Amy Auchincloss, an epidemiologist at Drexel University, believes that to make cities more livable, we need to cut down on the number of cars on the roads.
“High private automobile use has devastating consequences for health and fosters inequitable access to amenities,” she says in an email. “Reliance on automobiles adds to the costs of living in cities and makes it harder to improve infrastructure for public transit and active travel.”
While this kind of talk can drive dedicated drivers nuts, urban planners often agree with Auchincloss. They’ve tried various strategies for discouraging car use in cities around the world, including expanding railways and building bike lanes. One of the most common strategies is hiking up the cost of on- and off-street parking—an intuitive approach.
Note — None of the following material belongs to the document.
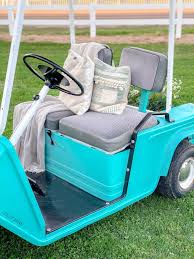 Spray Paint Golf Cart Makeover Lolly Jane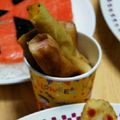 そぉべ～'s cooksnap of when they made ハロウィン♡かぼちゃクリームチーズ春巻き.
Its effectiveness has been difficult to verify, though, because so many different factors contribute to car volume in any given city.
Among large cities, at least, higher parking costs are positively correlated with the average number of miles each city dweller spends on public transit.
To see if a case actually should be made for more expensive parking, Auchincloss and colleagues at Drexel, the University of New Hampshire, and Nelson/Nygaard Consulting Associates recently decided to take a broader-scale approach. By first crunching some numbers from a 2009 survey of public parking agencies in 107 U.S. cities, and then comparing them with those cities’ population densities and public transportation data, they found that, among large cities, at least, higher parking costs are positively correlated with the average number of miles each city dweller spends on public transit.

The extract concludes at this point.